→ **THE DATA**
***
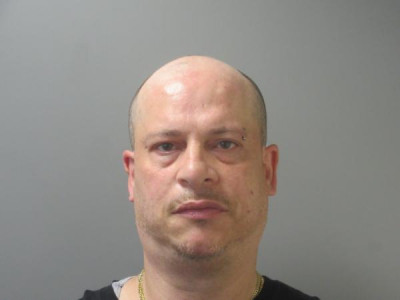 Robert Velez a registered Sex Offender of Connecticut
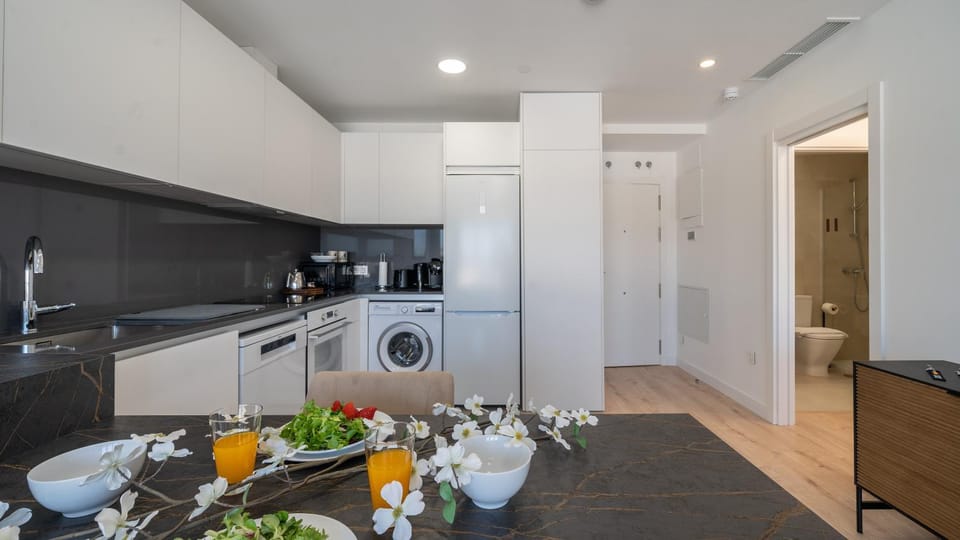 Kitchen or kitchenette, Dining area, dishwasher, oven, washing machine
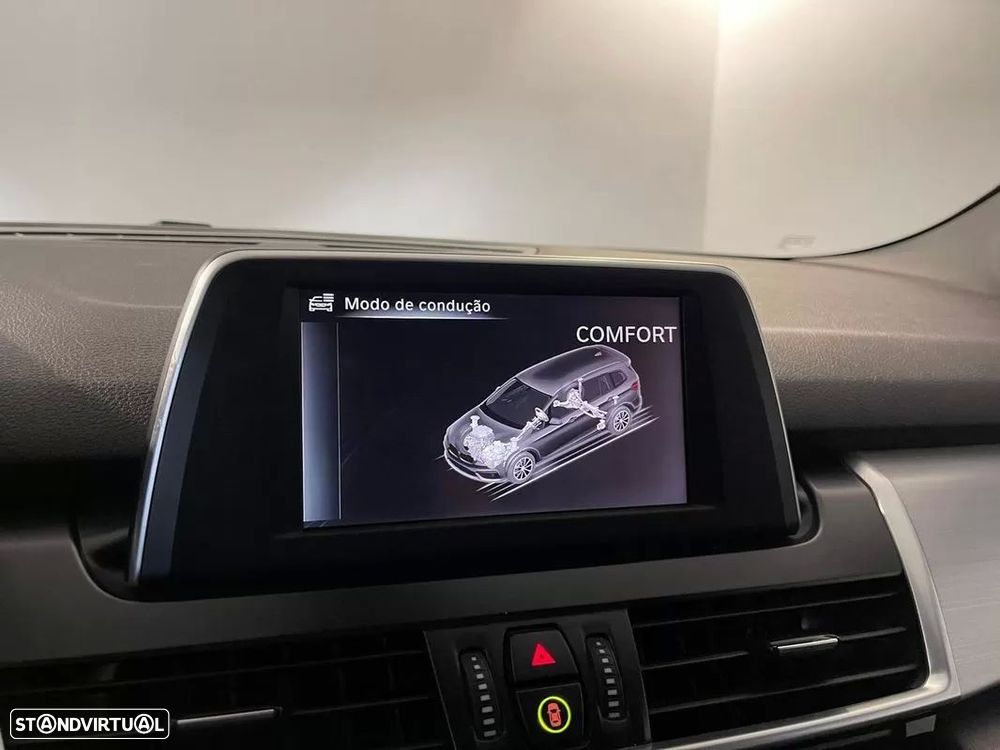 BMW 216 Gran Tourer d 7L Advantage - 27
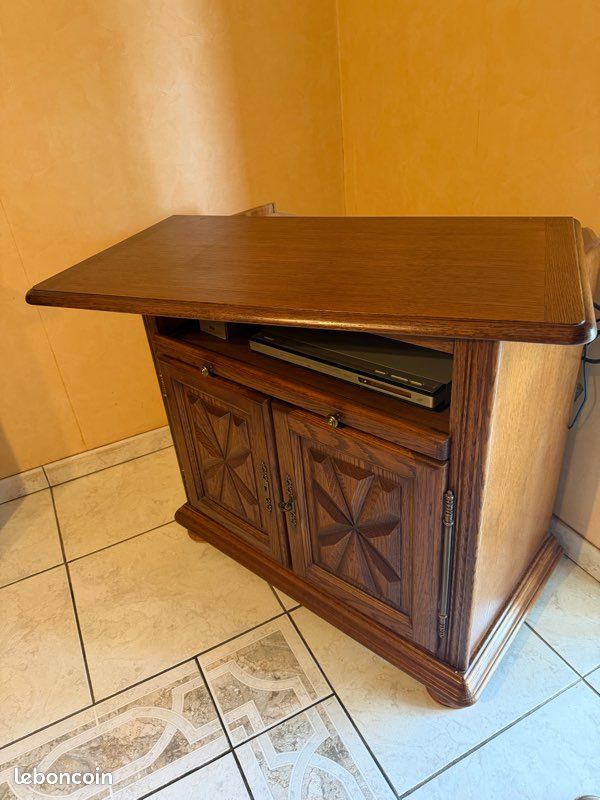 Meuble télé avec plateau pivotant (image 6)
***
→ **WORK INSTRUCTIONS**
Would you copy out all the data exactly, without the images?

→ **RESULT OF THE TASK**
 Robert Velez a registered Sex Offender of Connecticut
 Kitchen or kitchenette, Dining area, dishwasher, oven, washing machine
 BMW 216 Gran Tourer d 7L Advantage - 27
 Meuble télé avec plateau pivotant (image 6)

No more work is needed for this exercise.